Large volumes of sediment were transported from the western Rocky Mountain source to the Gulf of Mexico. Lesser amounts came through the Ohio River via the Mississippi River. The deposition of the sediment in coastal and near coastal environments caused the coastline to prograde gulfward ultimately to its current position. The large columns of sediment were accommodated in the basin through subsidence caused by large normal faults; downthrown toward the basin and with traces parallel to the basin margin. Eocene and Miocene depositional centers received thousands of feet of sediment as the basin subsided.
The Atlantic Coastal plain grew oceanward as streams from the Appalachian Mountains delivered their sediment loads to coastal areas. With a less imposing source and a smaller drainage area, it received less sediment than the Gulf. Progradation of the coastline was significant, however, subsidence was not as rapid and therefore thicknesses are less. Fluctuations of sea level caused the coastal area in both the Atlantic and Gulf plains to migrate, but overall the movement was regressive toward the Gulf.
Quaternary History
The coastlines of both the Gulf of Mexico and Atlantic Ocean reached their present positions during the Pleistocene Epoch of the Quaternary Period, an interval that extends from 10,000 years before the present (BP) to the present. Sediment continues to construct extensive depositional centers around the peripheral of the Gulf and Atlantic coastlines as well as deeper water submarine fans off the coast.
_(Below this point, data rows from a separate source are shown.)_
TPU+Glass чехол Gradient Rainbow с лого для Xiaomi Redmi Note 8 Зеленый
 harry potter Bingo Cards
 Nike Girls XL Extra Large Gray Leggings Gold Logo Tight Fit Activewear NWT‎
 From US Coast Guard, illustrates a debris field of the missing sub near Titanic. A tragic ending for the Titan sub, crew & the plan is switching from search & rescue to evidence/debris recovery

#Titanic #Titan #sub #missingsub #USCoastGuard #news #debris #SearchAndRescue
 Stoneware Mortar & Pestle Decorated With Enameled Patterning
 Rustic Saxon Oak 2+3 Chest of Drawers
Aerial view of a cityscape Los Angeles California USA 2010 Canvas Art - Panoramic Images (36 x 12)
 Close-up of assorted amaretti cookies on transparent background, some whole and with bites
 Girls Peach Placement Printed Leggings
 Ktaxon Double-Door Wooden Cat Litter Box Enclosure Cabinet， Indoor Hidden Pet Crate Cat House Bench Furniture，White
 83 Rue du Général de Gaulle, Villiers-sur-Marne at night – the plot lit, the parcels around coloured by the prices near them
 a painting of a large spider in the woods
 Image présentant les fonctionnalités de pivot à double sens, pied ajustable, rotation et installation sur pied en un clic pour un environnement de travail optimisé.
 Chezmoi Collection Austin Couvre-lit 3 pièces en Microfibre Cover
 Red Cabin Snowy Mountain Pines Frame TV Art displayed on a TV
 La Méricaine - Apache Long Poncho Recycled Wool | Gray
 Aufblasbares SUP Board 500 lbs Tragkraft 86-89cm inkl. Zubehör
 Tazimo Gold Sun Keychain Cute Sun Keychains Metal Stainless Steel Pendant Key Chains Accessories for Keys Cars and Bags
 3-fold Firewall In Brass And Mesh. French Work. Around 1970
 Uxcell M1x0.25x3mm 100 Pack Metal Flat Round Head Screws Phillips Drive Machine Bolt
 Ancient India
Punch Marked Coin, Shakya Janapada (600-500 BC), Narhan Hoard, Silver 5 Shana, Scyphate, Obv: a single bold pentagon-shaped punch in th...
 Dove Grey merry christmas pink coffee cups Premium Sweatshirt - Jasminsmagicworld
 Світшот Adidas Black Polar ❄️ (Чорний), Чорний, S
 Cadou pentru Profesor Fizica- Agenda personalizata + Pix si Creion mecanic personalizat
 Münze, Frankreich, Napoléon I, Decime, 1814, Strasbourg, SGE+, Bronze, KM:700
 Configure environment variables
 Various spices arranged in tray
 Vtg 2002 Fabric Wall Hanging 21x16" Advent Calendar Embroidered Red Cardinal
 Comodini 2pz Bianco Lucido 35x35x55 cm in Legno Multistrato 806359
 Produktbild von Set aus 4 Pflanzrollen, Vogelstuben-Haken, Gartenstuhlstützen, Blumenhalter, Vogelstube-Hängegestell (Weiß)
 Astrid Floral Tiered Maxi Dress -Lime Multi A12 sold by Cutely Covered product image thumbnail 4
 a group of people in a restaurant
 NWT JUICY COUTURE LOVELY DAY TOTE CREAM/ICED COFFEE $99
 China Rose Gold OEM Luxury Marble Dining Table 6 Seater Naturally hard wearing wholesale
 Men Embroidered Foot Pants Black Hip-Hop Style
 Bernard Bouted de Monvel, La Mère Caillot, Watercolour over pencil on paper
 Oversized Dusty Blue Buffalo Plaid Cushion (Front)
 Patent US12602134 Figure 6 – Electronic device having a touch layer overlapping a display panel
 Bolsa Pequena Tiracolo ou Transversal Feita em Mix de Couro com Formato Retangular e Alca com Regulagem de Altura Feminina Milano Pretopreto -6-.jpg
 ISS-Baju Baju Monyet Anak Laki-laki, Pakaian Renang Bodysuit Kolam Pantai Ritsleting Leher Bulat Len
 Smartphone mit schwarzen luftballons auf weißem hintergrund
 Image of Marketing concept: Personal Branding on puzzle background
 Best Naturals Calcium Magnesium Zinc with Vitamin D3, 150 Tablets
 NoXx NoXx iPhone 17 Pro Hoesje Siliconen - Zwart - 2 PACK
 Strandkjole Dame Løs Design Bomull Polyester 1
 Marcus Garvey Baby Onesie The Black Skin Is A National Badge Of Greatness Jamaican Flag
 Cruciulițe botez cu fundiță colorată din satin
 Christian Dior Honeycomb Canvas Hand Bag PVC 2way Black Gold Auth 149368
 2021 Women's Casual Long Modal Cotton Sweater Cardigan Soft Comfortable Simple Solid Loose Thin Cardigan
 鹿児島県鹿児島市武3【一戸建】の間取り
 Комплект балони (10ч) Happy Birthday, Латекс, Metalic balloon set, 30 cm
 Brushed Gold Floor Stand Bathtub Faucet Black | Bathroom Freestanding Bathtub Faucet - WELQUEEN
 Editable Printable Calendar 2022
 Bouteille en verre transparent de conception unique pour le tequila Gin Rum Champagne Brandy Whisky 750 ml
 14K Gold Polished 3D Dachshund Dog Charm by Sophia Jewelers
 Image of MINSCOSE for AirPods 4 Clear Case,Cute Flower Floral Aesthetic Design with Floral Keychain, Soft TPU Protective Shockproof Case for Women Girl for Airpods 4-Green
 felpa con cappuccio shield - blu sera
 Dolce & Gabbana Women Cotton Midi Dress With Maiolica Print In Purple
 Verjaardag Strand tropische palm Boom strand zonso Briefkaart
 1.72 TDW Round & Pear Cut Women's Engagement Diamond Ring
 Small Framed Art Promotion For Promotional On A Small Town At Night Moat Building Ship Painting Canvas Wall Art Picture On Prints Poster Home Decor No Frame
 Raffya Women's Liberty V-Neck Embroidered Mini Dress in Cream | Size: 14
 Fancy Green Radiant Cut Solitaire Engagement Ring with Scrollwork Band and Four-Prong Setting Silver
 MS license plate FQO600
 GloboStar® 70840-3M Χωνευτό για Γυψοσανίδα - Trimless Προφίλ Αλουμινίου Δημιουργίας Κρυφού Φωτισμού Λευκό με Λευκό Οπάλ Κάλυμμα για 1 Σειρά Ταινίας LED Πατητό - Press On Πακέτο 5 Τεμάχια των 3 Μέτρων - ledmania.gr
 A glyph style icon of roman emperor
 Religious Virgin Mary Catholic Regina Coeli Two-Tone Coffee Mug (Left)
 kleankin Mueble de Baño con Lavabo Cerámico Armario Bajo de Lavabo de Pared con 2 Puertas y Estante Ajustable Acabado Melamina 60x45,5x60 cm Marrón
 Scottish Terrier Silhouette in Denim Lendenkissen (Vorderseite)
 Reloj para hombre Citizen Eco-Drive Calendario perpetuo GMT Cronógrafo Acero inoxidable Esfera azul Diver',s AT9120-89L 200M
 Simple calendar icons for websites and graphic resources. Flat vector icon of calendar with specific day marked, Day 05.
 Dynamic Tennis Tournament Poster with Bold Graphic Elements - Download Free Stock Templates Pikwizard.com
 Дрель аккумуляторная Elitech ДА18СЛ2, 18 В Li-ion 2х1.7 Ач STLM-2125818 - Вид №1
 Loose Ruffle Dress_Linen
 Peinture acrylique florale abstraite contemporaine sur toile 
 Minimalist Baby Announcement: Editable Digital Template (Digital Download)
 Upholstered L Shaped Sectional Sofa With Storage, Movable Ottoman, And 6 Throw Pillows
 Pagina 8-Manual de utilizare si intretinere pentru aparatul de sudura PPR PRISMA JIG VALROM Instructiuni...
The Mississippi Embayment continued to be active during the Quaternary. Divergence and spreading ceased. However, the thin crust initially caused by stretching and rifting, fails from time to time as the North American continent drifts westward. When this happens, faulting occurs and energy is released causing earthquakes. Holocene faults in 1811 and 1812 caused three earthquakes within a period of two months with magnitudes exceeding 8 on the Richter Scale. Outside of the Mississippi Embayment, stability ensued.